MATERIAL SUPPLIED
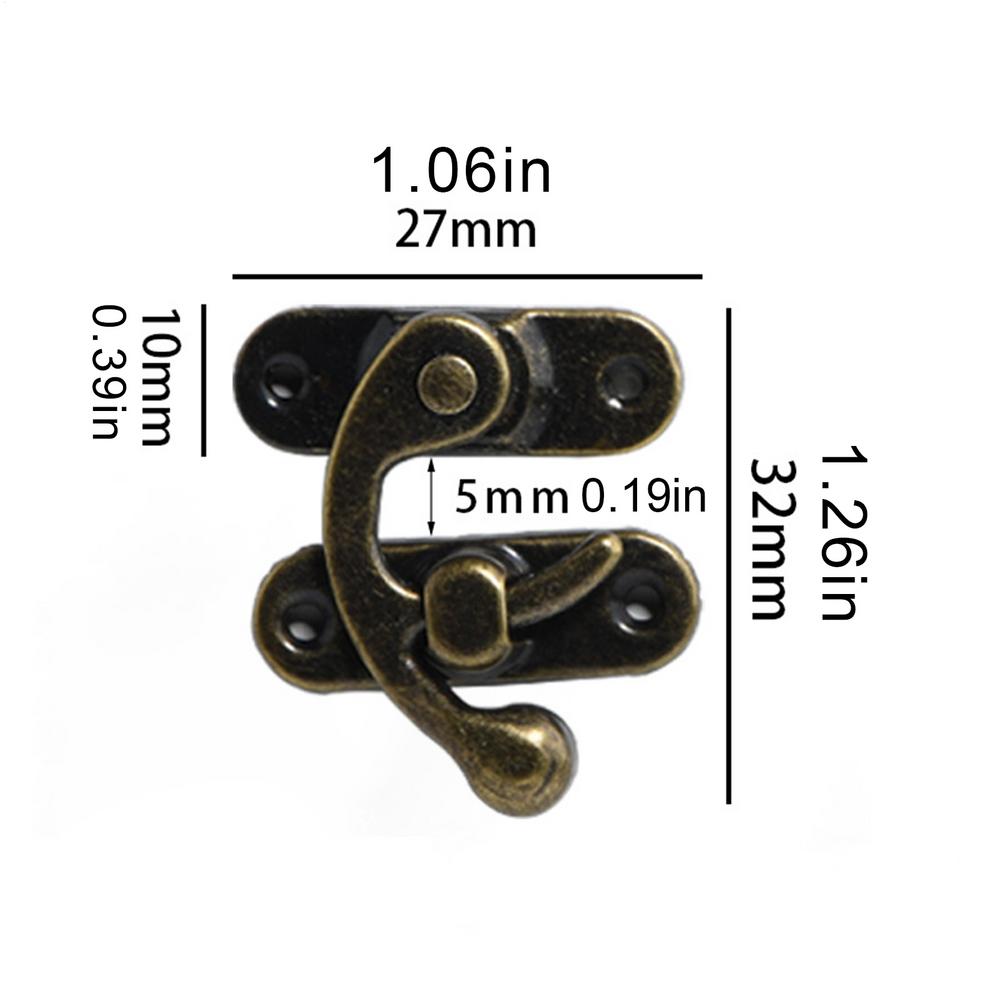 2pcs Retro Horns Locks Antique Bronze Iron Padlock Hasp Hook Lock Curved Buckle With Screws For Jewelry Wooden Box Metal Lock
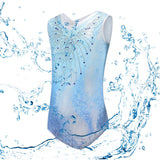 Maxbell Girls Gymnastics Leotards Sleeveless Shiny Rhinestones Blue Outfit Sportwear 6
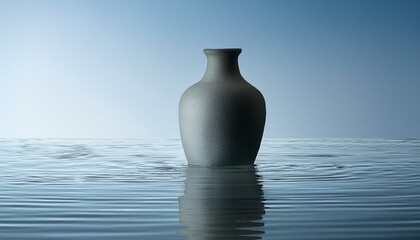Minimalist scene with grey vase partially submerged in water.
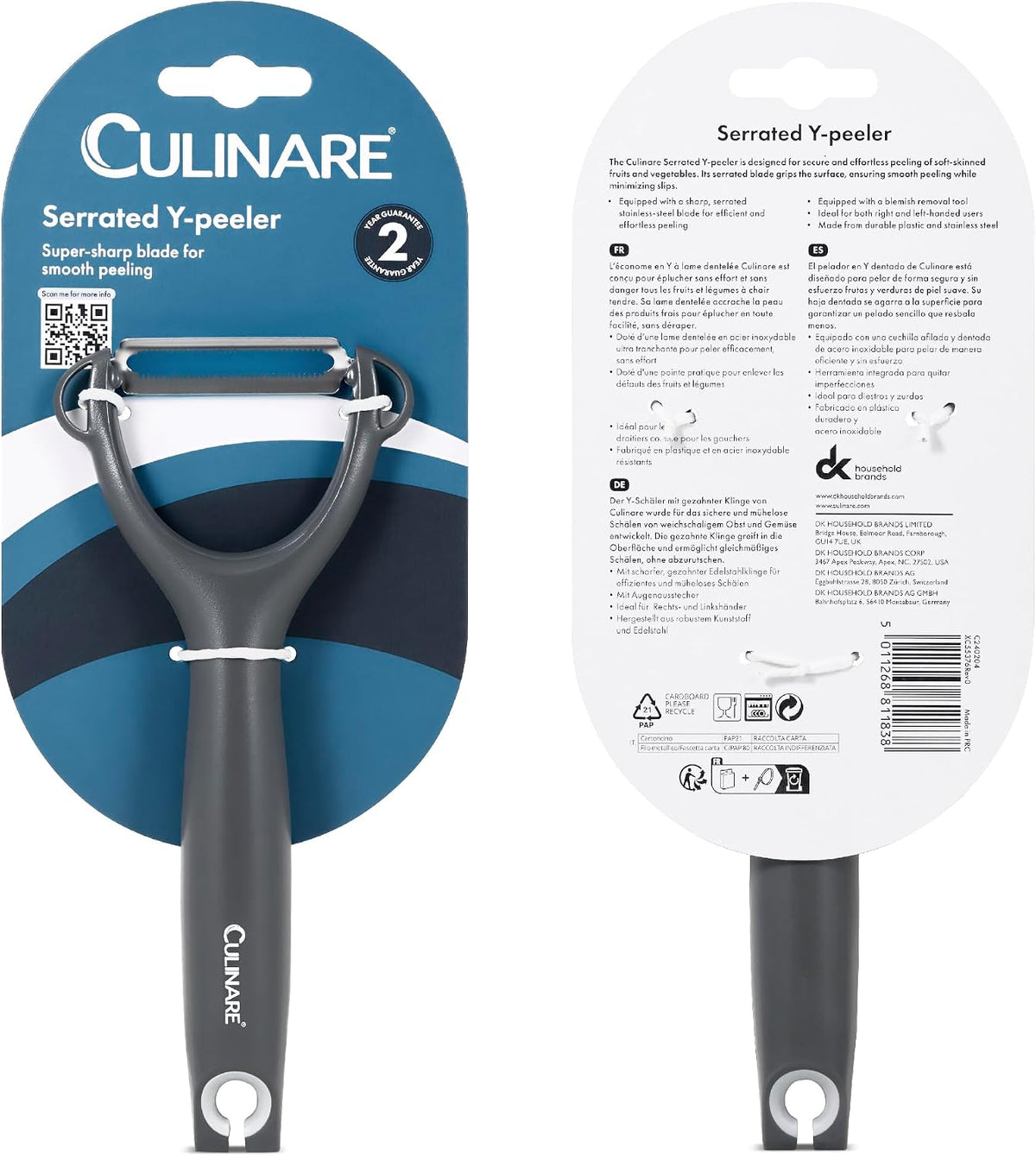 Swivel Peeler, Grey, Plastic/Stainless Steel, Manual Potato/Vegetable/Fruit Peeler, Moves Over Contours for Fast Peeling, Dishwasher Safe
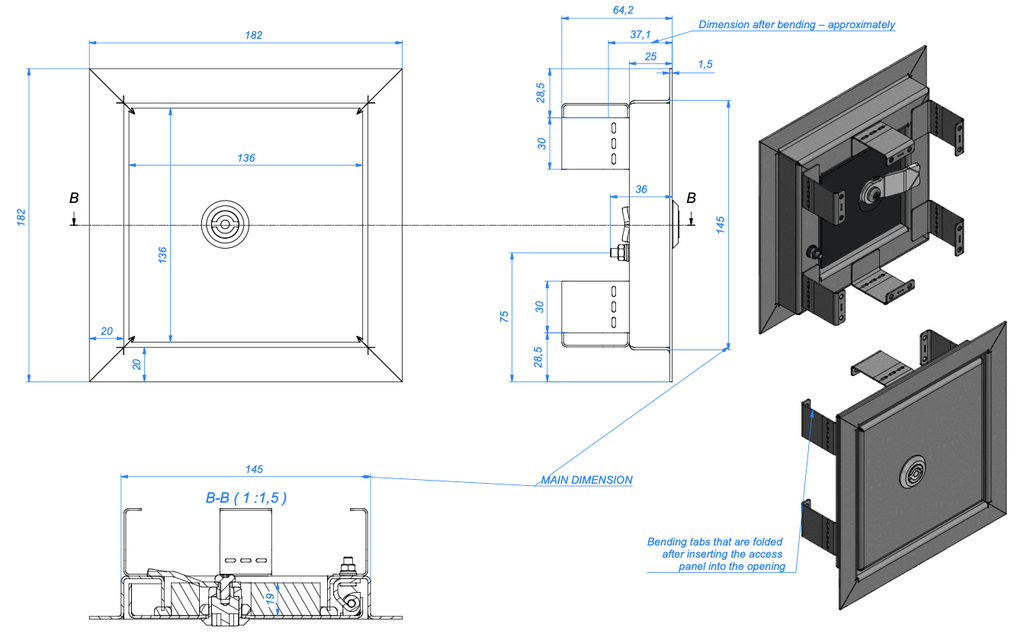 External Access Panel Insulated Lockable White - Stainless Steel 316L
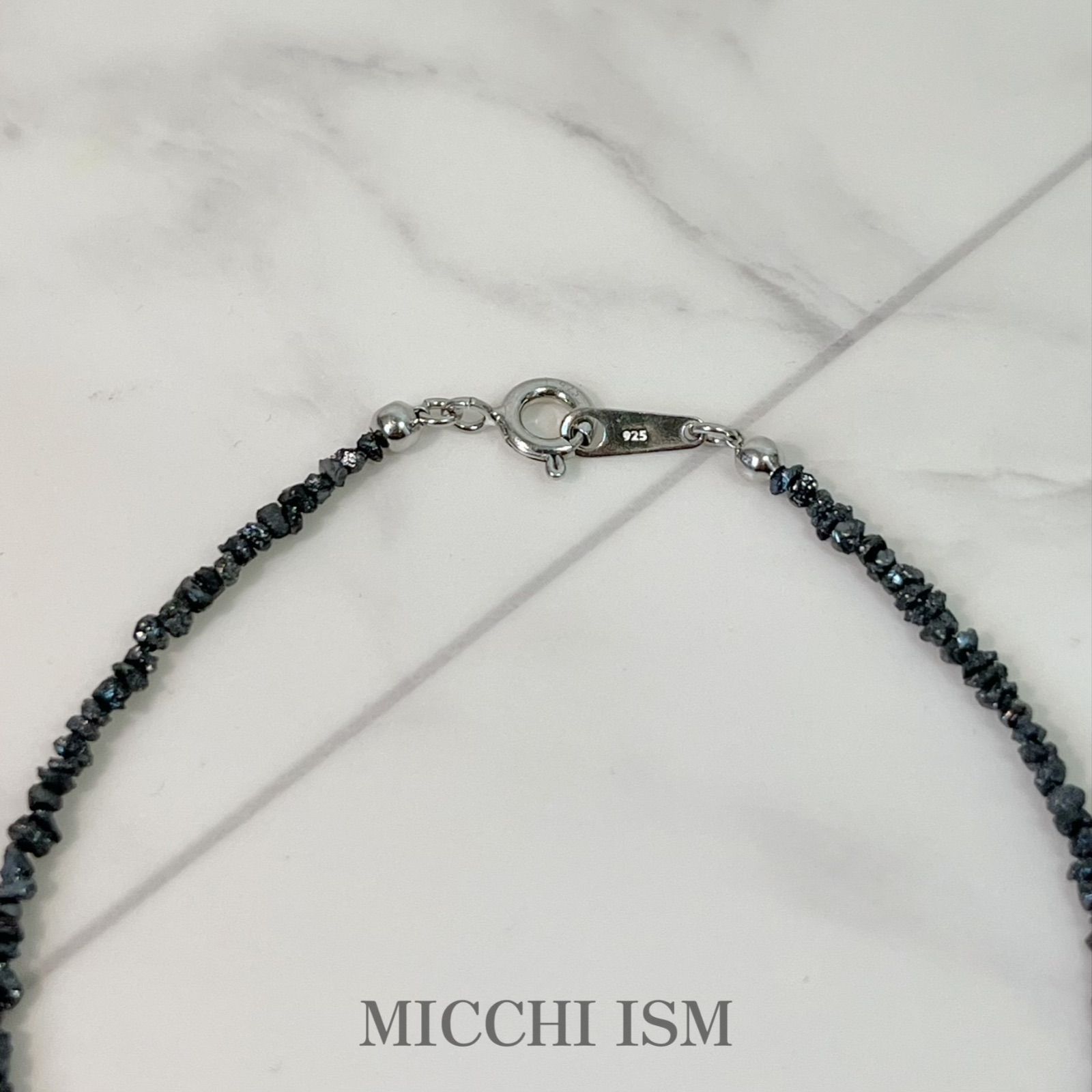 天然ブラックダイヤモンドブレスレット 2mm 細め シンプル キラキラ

WHAT NEEDS TO BE DONE
Leaving out every picture, extract verbatim the lines from the one containing "Minimalist scene with" through the last line of the listing, inclusive.

THE COMPLETED TASK
Minimalist scene with grey vase partially submerged in water.
 Swivel Peeler, Grey, Plastic/Stainless Steel, Manual Potato/Vegetable/Fruit Peeler, Moves Over Contours for Fast Peeling, Dishwasher Safe
 External Access Panel Insulated Lockable White - Stainless Steel 316L
 天然ブラックダイヤモンドブレスレット 2mm 細め シンプル キラキラ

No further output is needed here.